6,5 tysiąca kilometrów pieszo z Ustki do Portugalii przez Watykan chce przejść mieszkaniec Bydlina. Grzegorz Stenka podkreśla, że poznawanie świata i ludzi to jego pasja. Planuje wyruszyć 1 kwietnia w stronę Włoch. Piesza wyprawa ma potrwać około 6,5 miesiąca.
– Zawsze o tym marzyłem, żeby przejść Europę. Najpierw przejechałem ją autostopem, teraz chcę ją przejść, a potem chcę ją przejechać rowerem. Z Ustki udaję się do Słowacji, potem Austria, Węgry, Słowenia, Chorwacja, Bośnia i Hercegowina, zawracam do Chorwacji, następnie idę do Włoch, potem do Watykanu, z Watykanu udaję się do Szwajcarii, ze Szwajcarii do Francji, z Francji do Hiszpanii, tam chcę przejść Północną Drogę św. Jakuba do Santiago de Compostela i następnie z Santiago de Compostela do Coba da Roca w Portugalii. A jak starczy mi sił, to dojdę jeszcze do Fatimy. Założyłem sobie taki plan, że będę przechodził 30 kilometrów dziennie i chcę poświęcić na to sześć i pół miesiąca – powiedział Grzegorz Stenka.
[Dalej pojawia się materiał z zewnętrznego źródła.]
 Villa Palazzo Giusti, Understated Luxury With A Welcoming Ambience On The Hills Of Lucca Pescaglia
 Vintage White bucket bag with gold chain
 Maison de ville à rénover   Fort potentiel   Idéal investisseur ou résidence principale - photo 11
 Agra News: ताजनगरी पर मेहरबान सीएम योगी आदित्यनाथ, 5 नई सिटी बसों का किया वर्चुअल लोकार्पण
– To moja pasja, spotykam po drodze mnóstwo dobrych ludzi, którzy mi pomagają. Otrzymuję pomoc od ludzi w formie noclegów. Przygarniało mnie bardzo dużo osób. za co bardzo dziękuję i będę im wdzięczny do końca życia. Są specjalne schroniska dla ludzi wędrujących. Korzystam z serwisu Couchsurfing, który jest dla podróżników. Szukam również noclegów na różnych grupach, typu „Polacy w Niemczech”, „Polacy we Francji”, i spotykam się z dużym odzewem. Zabieram plecak, pięć par butów, ubrania i wodę. W tym roku też namiot. Całość będzie ważyć około 15 kilogramów. Wrócę prawdopodobnie autostopem z Portugalii, a jak będę miał siły, to może też pieszo – dodał Grzegorz Stenka.
Nie będzie to pierwsza taka wyprawa mieszkańca Bydlina. W ubiegłym roku Grzegorz Stenka pokonał 4,5 tysiąca kilometrów pieszo po Europie.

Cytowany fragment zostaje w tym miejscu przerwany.